» TASK DIRECTIONS: Would you write out the lines below exactly, from the one containing "신한은행 Tops 직장인신용대출" to the very last, but without the pictures?

» DATASET CONTENT:

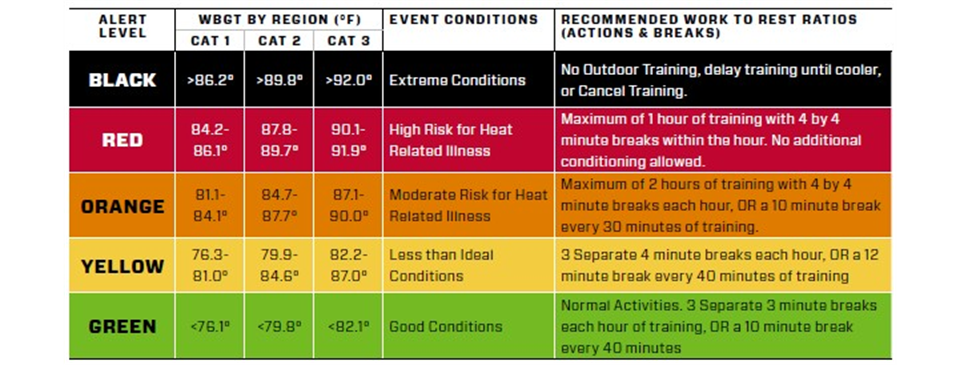 Heat Chart 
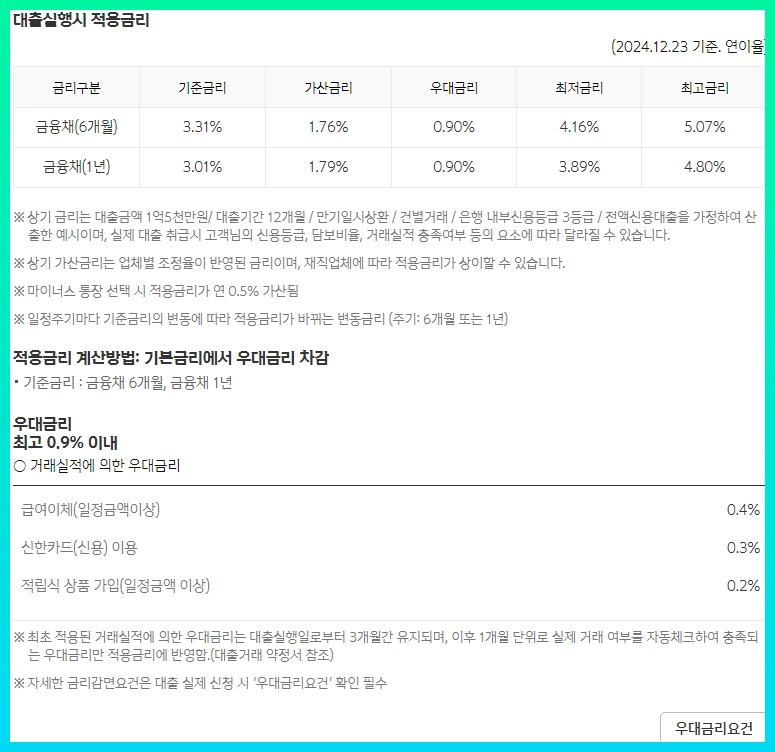 신한은행 Tops 직장인신용대출 II 자격, 조건 및 신청 방법 5단계 가이드 (2024년) 11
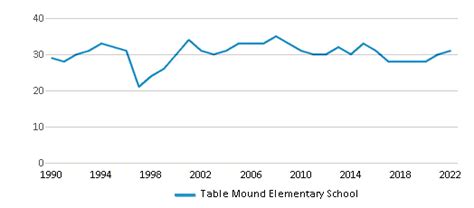 Table Mound Elementary School (Ranked Top 30% for 2024) - Dubuque, IA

» ANSWER SPACE:
 신한은행 Tops 직장인신용대출 II 자격, 조건 및 신청 방법 5단계 가이드 (2024년) 11
 Table Mound Elementary School (Ranked Top 30% for 2024) - Dubuque, IA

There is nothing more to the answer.